**Dataset records**.
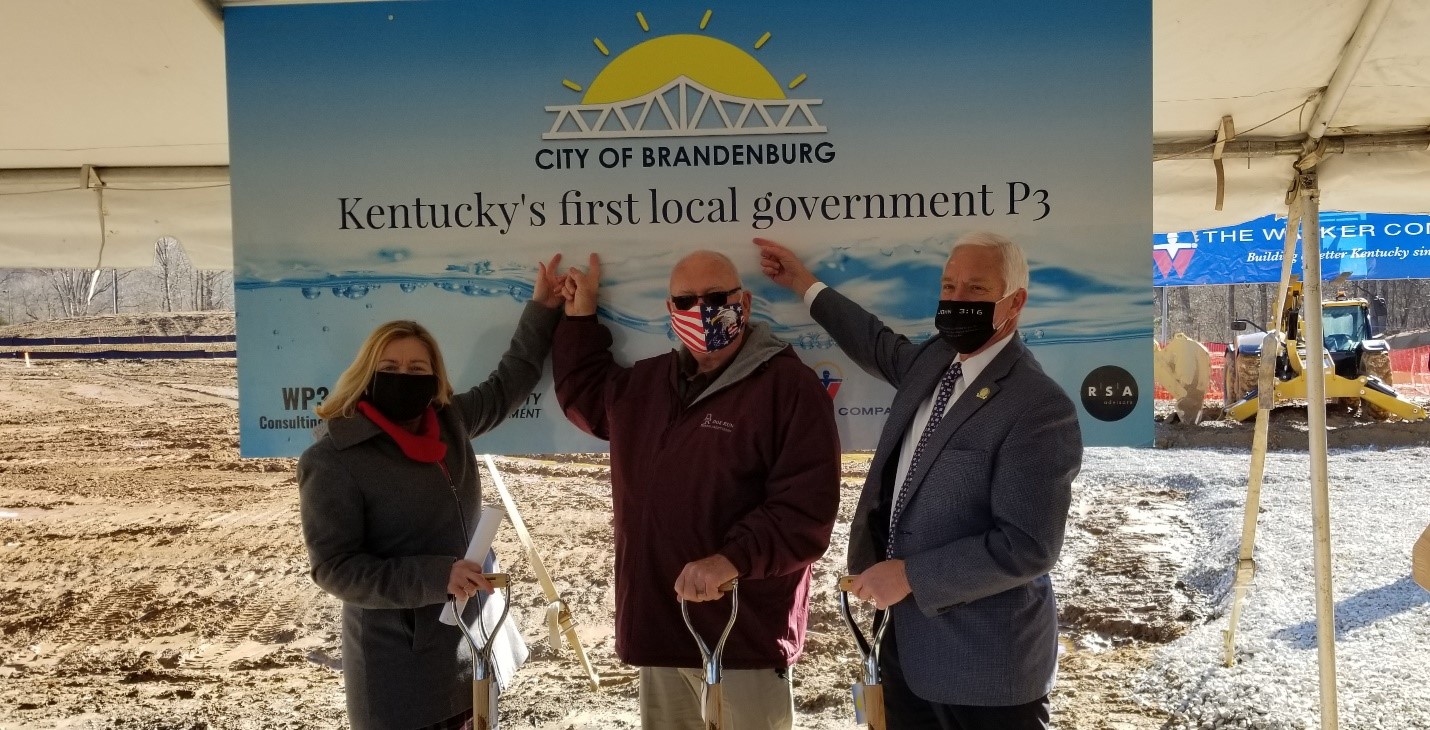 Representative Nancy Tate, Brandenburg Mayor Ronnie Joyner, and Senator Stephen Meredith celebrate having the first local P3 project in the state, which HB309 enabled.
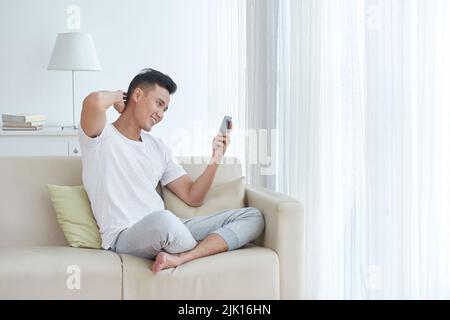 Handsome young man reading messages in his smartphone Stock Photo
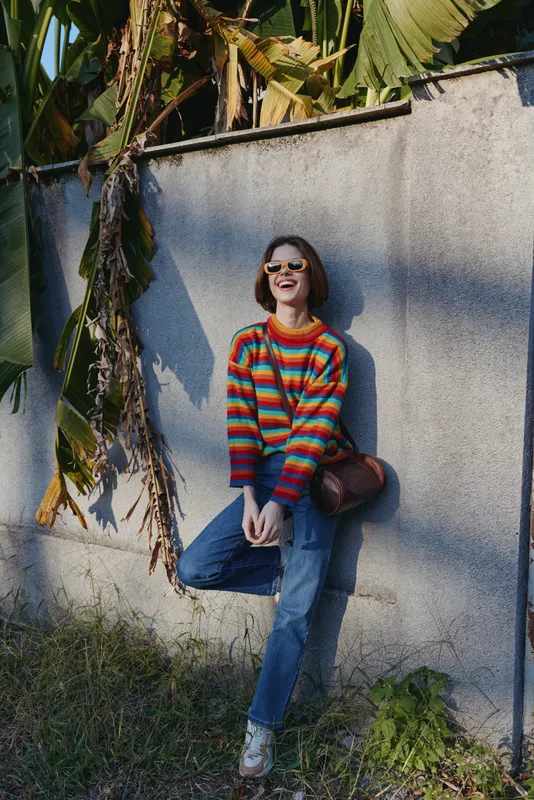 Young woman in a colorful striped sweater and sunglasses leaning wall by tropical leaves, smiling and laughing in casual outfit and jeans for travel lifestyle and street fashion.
* * *
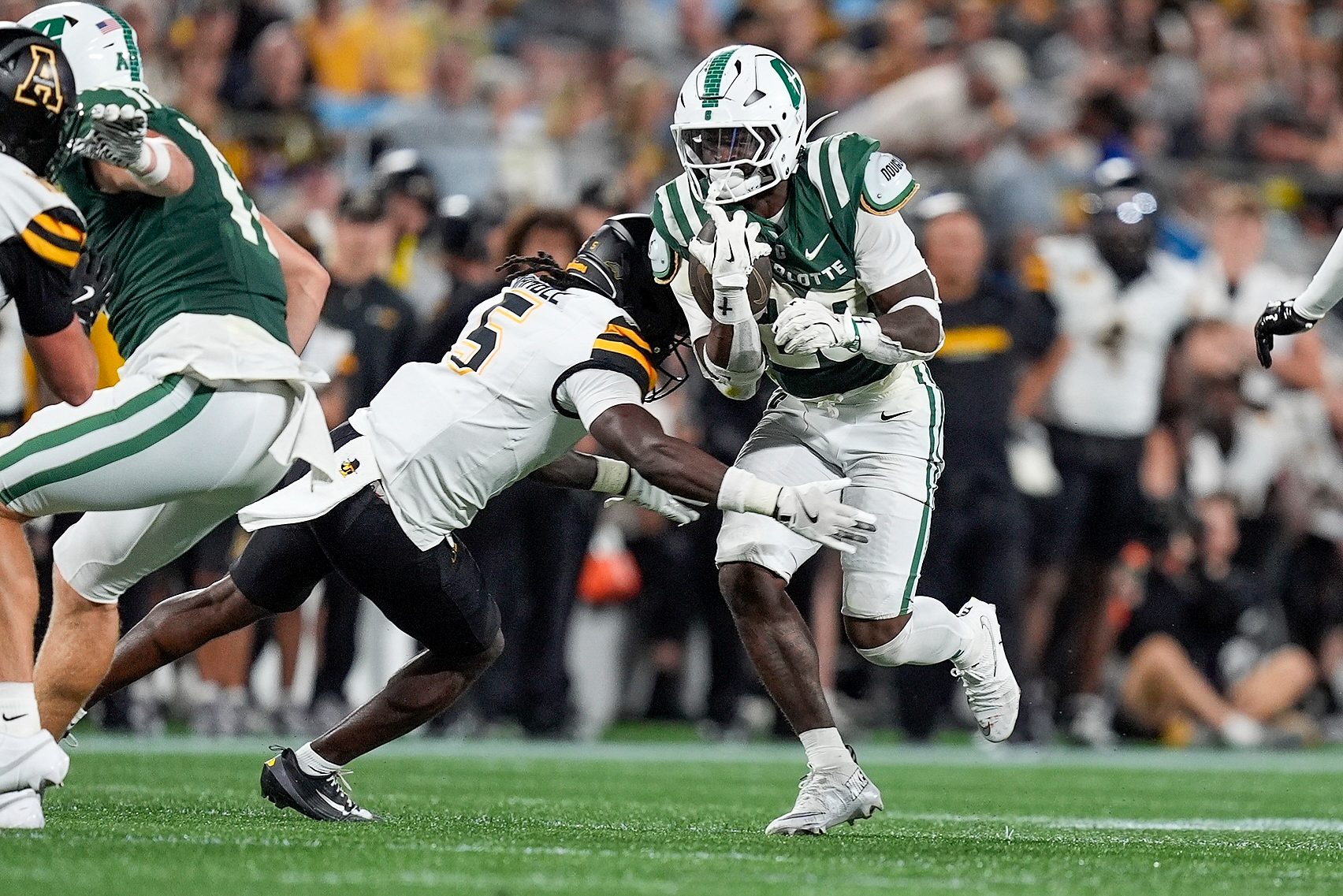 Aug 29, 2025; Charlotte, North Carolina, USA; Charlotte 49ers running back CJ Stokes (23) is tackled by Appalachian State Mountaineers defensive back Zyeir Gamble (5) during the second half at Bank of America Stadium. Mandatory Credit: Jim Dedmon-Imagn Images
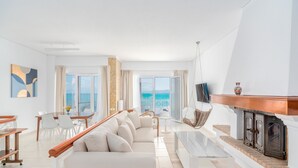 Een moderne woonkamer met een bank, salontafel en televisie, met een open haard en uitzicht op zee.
--
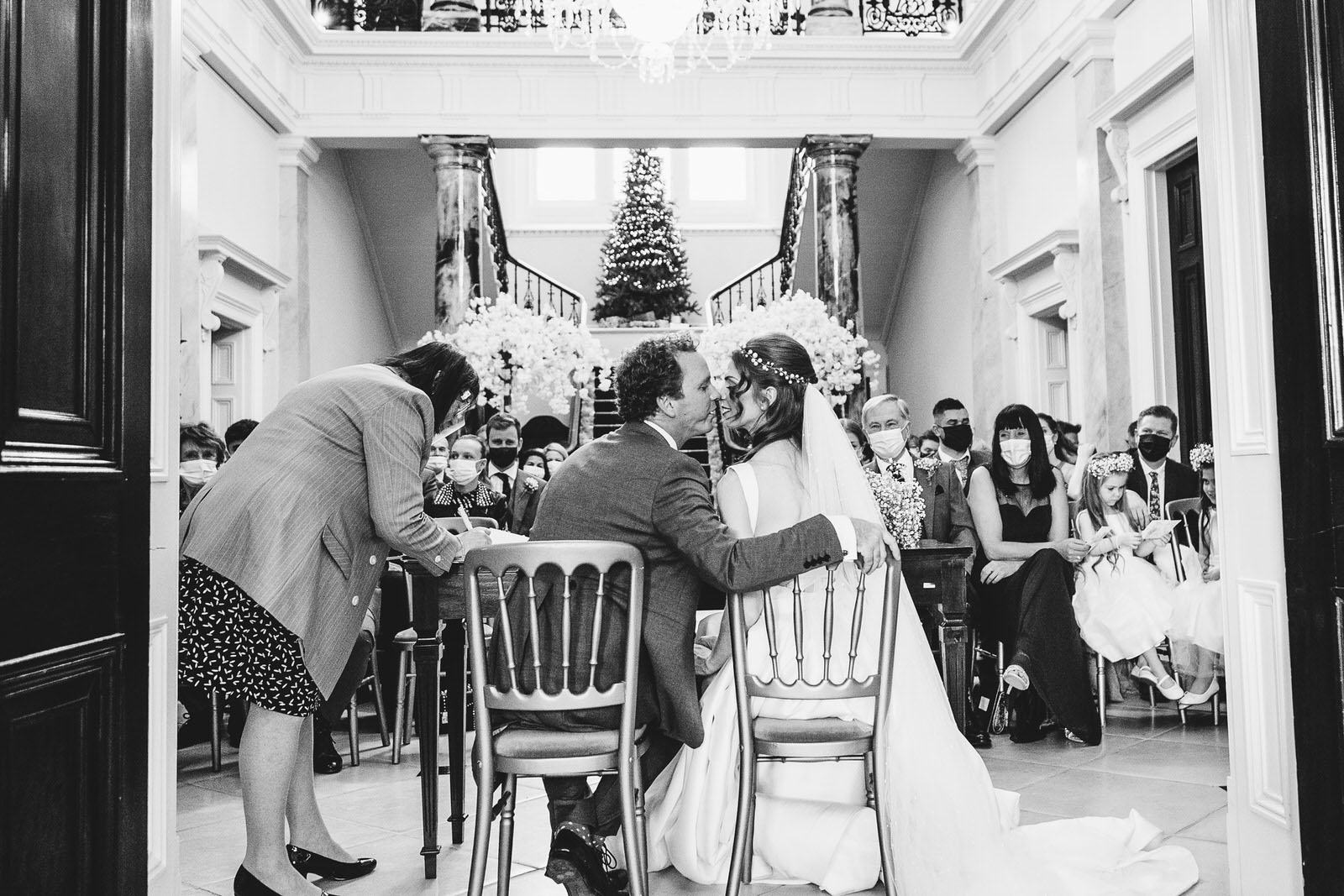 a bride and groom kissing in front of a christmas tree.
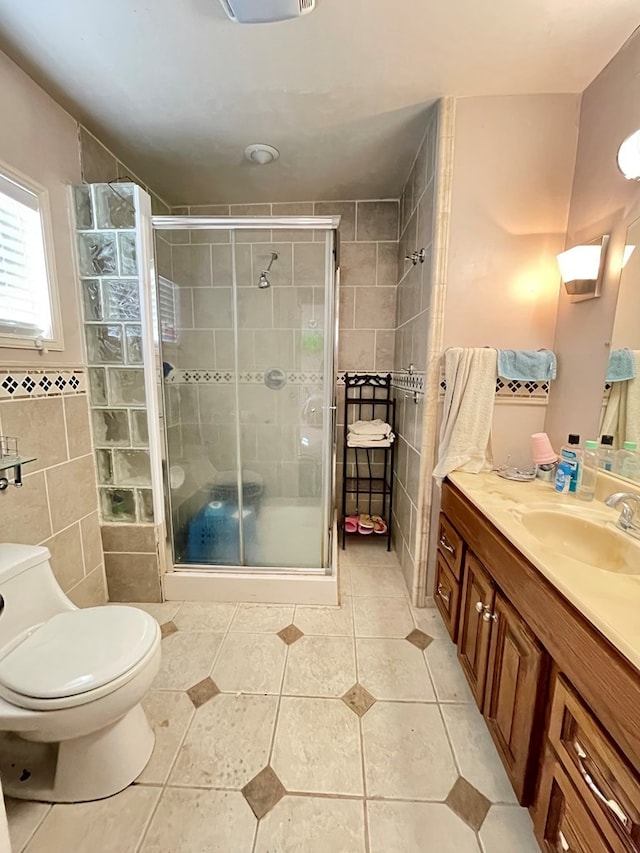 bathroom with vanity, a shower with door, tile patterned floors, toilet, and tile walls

**Directions for this task**.
Copy the listing above exactly, but only from the line with "Handsome young man" through the line with "Young woman in", including those two lines and excluding any picture.

**Worked solution**.
 Handsome young man reading messages in his smartphone Stock Photo
 Young woman in a colorful striped sweater and sunglasses leaning wall by tropical leaves, smiling and laughing in casual outfit and jeans for travel lifestyle and street fashion.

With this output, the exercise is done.